Nginx not responding to some SYN packets

Radek_Burkat · February 4, 2009, 7:15am

Have a machine running the latest devel version nginx-0.7.33 (tried
0.6.35
with same results) for serving small (less than 10K images) and am
seeing on
tcpdump that some SYN packets are not responded to right away.The
browser
does retransmit these image requests every second and on the 2nd or 3rd
resent SYN, I finally start seeing and ACK, and the images load.
It is very indeterministic as to when it happens and can only reproduce
it
some of the time. When it does occur the outcome is a page with some
images
loaded and others (whose SYN packets are not ACKs) are not loaded…a
few
seconds later they load.
Typically the system has ~2000 active connections, most in keep alive.
The
load is around 100-200 req/sec.

I have tries all sorts of settings and configurations suggested in the
maillist but I still dont have the solution for this issue. from 1 to 4
workers, changing the connection counts, different even handlers, kernel
buffers, etc.
It just seems so anecdotal to just change a bunch of settings without
being
able to what is happening internally.
I’d like to be able to debug a little deeper to find out what is
happening
to these packets.

How would I go about debugging what is the cause of it. Is it the
interface
driver, kernel, or nginx?
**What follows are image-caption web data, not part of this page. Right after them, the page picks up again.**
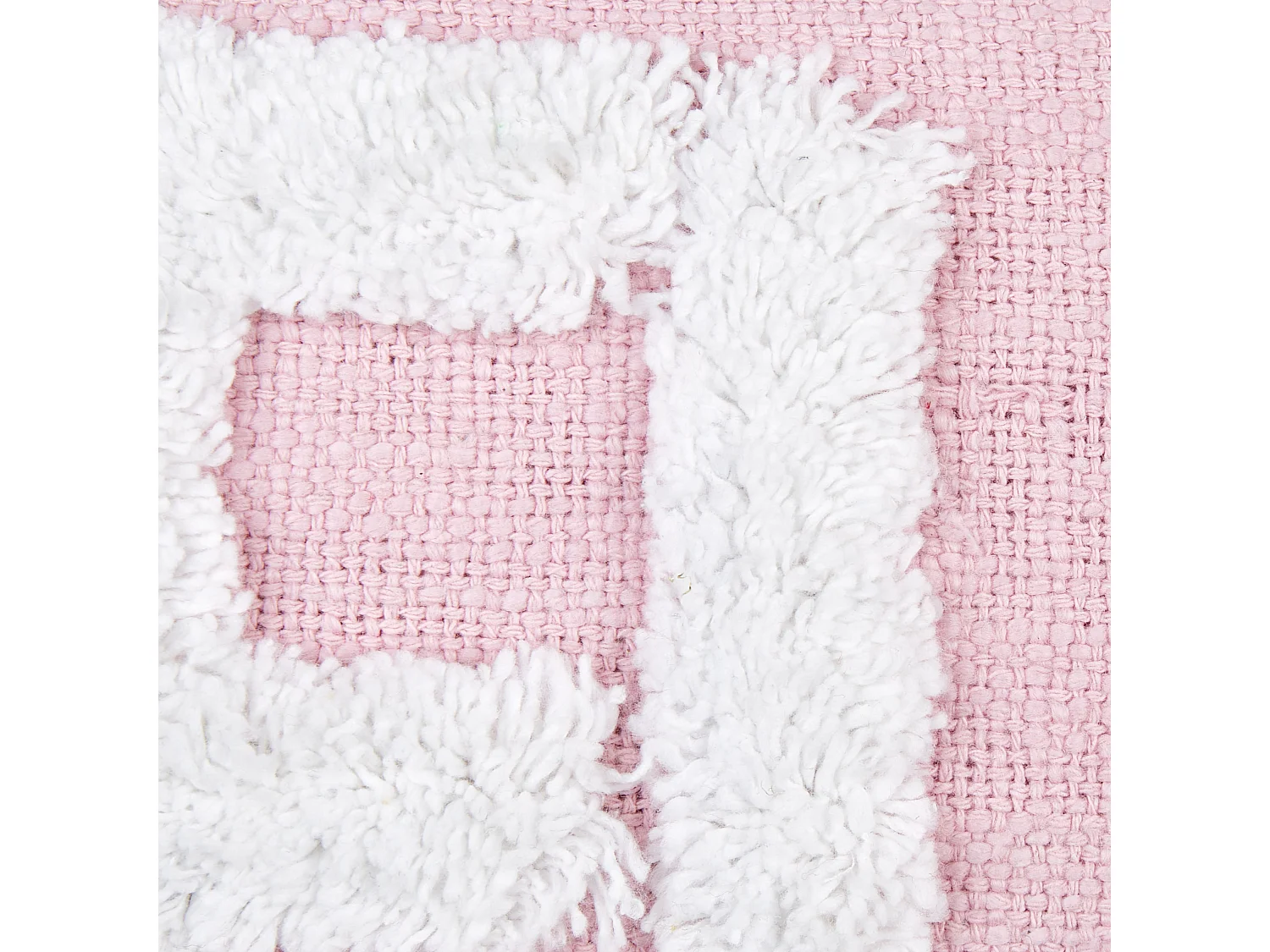 Lot de 2 coussins décoratifs RELAXIFY Coton 30 x 50 cm Rose pastel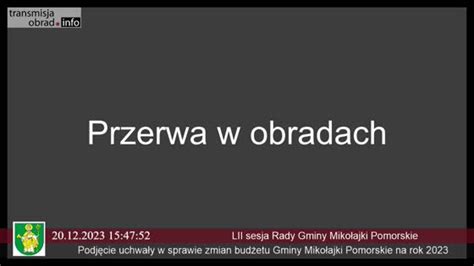 Gmina Miko Ajki Pomorskie Transmisjaobrad Info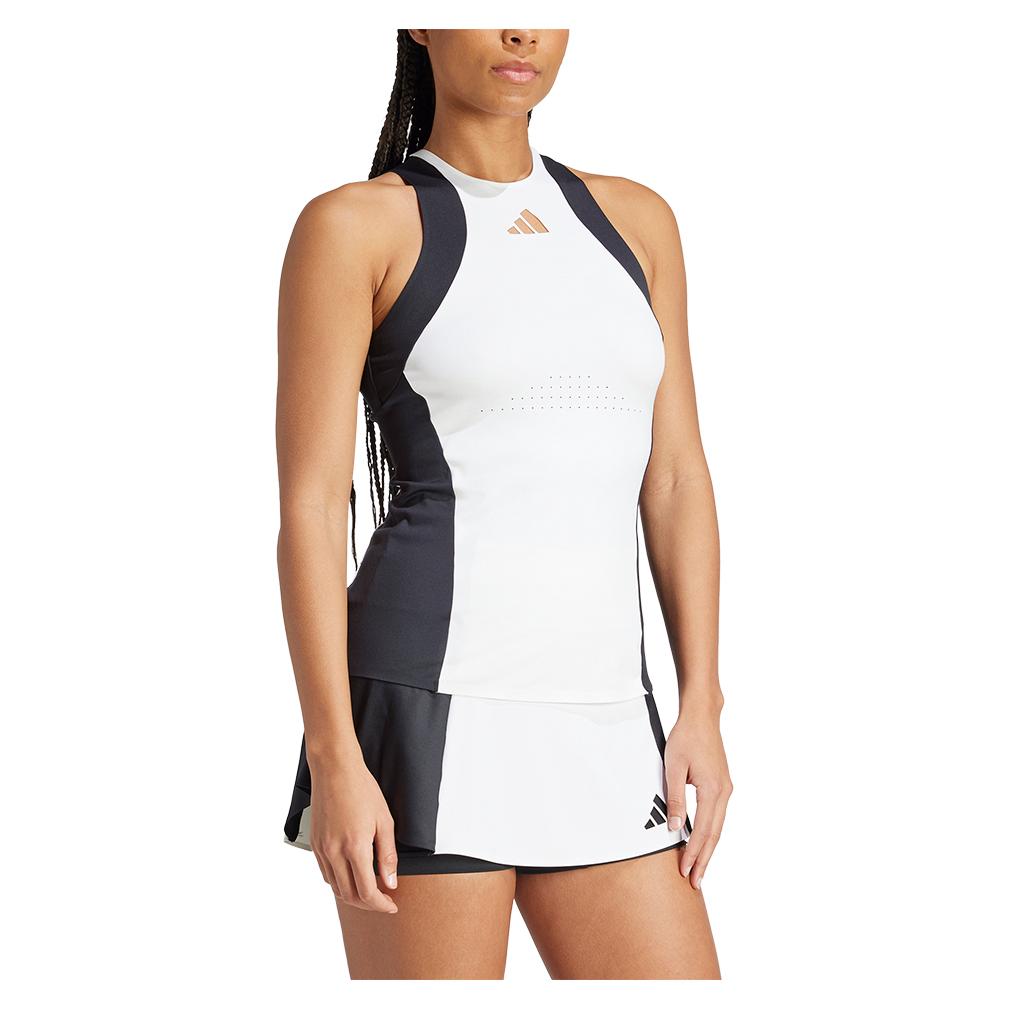 Women’s Premium Tennis Tank White and Black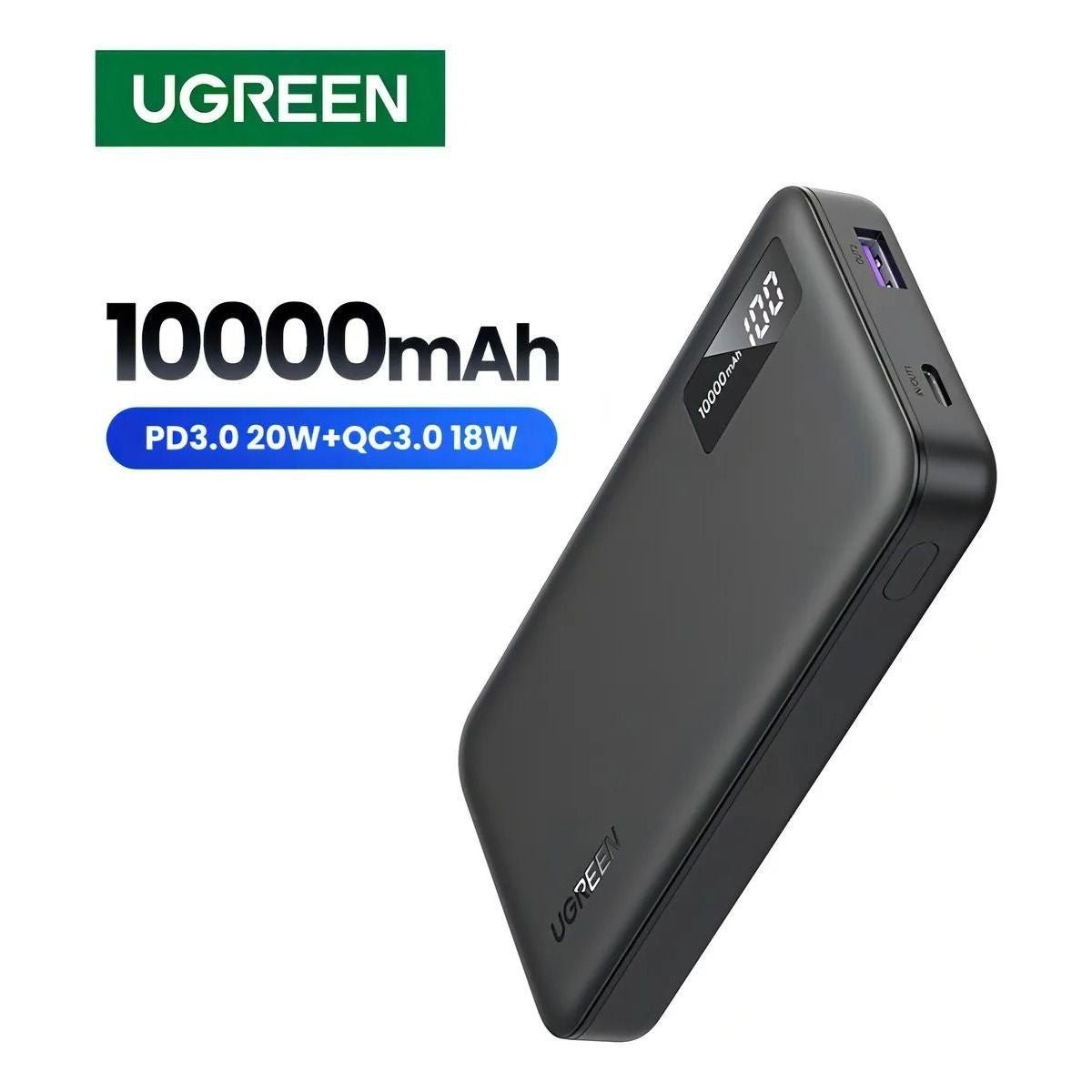 Power Bank UGREEN 10000mAh 22.5W USB - C USB - A | PB311 - GRUPO CONTROL - PB311-25742 - POWERBANK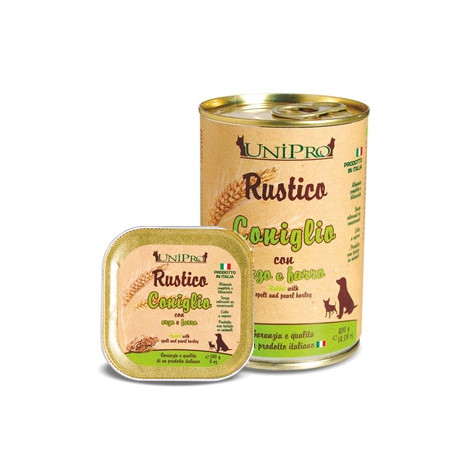 UNIPRO Rustic Rabbit with Barley and Spelled 100 gr.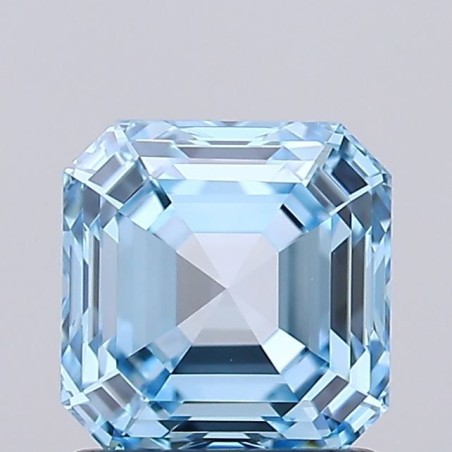 Diament laboratoryjny o barwie fantazyjnej Asscher, 1.33ct, VVS1, Fancy Vivid Blue, IGI LG737502818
What kind of tools and debugging options can
I
try next?

Thanks, Radek

System Details
model name : Intel® Xeon® CPU X3210 @ 2.13GHz
Linux n06 2.6.18-92.1.22.el5 #1 SMP Tue Dec 16 12:03:43 EST 2008 i686
i686
i386 GNU/Linux
eth0
Advertised auto-negotiation: Yes
Speed: 1000Mb/s
Duplex: Full
Port: Twisted Pair
PHYAD: 1
Transceiver: internal
Auto-negotiation: on
Supports Wake-on: g
Wake-on: d
Current message level: 0x000000ff (255)
Link detected: yes
driver: tg3
version: 3.86
firmware-version: 5721-v3.61, ASFIPMI v6.21
bus-info: 0000:05:00.0

avg-cpu: %user %nice %system %iowait %steal %idle
0.10 0.00 0.20 2.43 0.00 97.27
Device: rrqm/s wrqm/s r/s w/s rsec/s wsec/s avgrq-sz avgqu-sz await
svctm
%util
sda 0.00 0.00 27.40 0.00 443.20 0.00 16.18 0.10 3.50 3.32 9.10
no overruns or errors on interface.

Radek_Burkat · February 4, 2009, 7:21am

On Tue, Feb 03, 2009 at 10:07:27PM -0800, Radek Burkat wrote:

load is around 100-200 req/sec.
How would I go about debugging what is the cause of it. Is it the interface
driver, kernel, or nginx? What kind of tools and debugging options can I
try next?

nginx has not any relation to TCP handshake (SYN, SYN/ACK, ACK),
this is kernel or driver issue.

Radek_Burkat · February 4, 2009, 9:13am

Thanks Igor, for eliminating one variable for me. I noticed that when I
use
a single worker and set the affinity to the same core as the ethernet
interface interrupt I decrease the frequency of the issue but do not
eliminate it. Not sure
Are there any kernel/network debugging tools which reach a little deeper
than tcpdump?

Radek

Radek_Burkat · February 4, 2009, 9:37am

Hello,

have you tried to disable syncookies and/or adjust them ?
On the varnish documentation (
http://varnish.projects.linpro.no/wiki/Performance ) there is at least
this setup (in /etc/sysctl.conf) :

net.ipv4.tcp_syncookies = 0
net.ipv4.tcp_max_orphans = 262144
net.ipv4.tcp_max_syn_backlog = 262144
net.ipv4.tcp_synack_retries = 2
net.ipv4.tcp_syn_retries = 2

and what about netfilter connection tracking ?

Olivier

Radek Burkat a écrit :

Radek_Burkat · February 10, 2009, 8:19am

On Mon, Feb 09, 2009 at 01:51:12PM -0800, Radek Burkat wrote:

From what I read so far is that syncookies goes into action when you hit a
This information seems like it is quite important in determining the
performance of your server latency.

In nginx there is the optional backlog variable in the listen configuration.
I imagine that this maps directly to the system call listen. Though I see
that the nginx backlog default is -1. How does that translate to the system
parameter which requires an in above 0.

Yes, backlog may affect this. However, it seems that you run very old
nginx as it had been fixed in 2007:

Changes with nginx 0.6.7 15 Aug
2007
Changes with nginx 0.5.32 24 Sep
2007

*) Bugfix: now nginx uses default listen backlog value 511 on all
   platforms except FreeBSD.
   Thanks to Jiang Hong.

Now -1 is used on FreeBSD only and it means the maximum available
backlog.

Besides, net.ipv4.tcp_max_syn_backlog = 10 is too small.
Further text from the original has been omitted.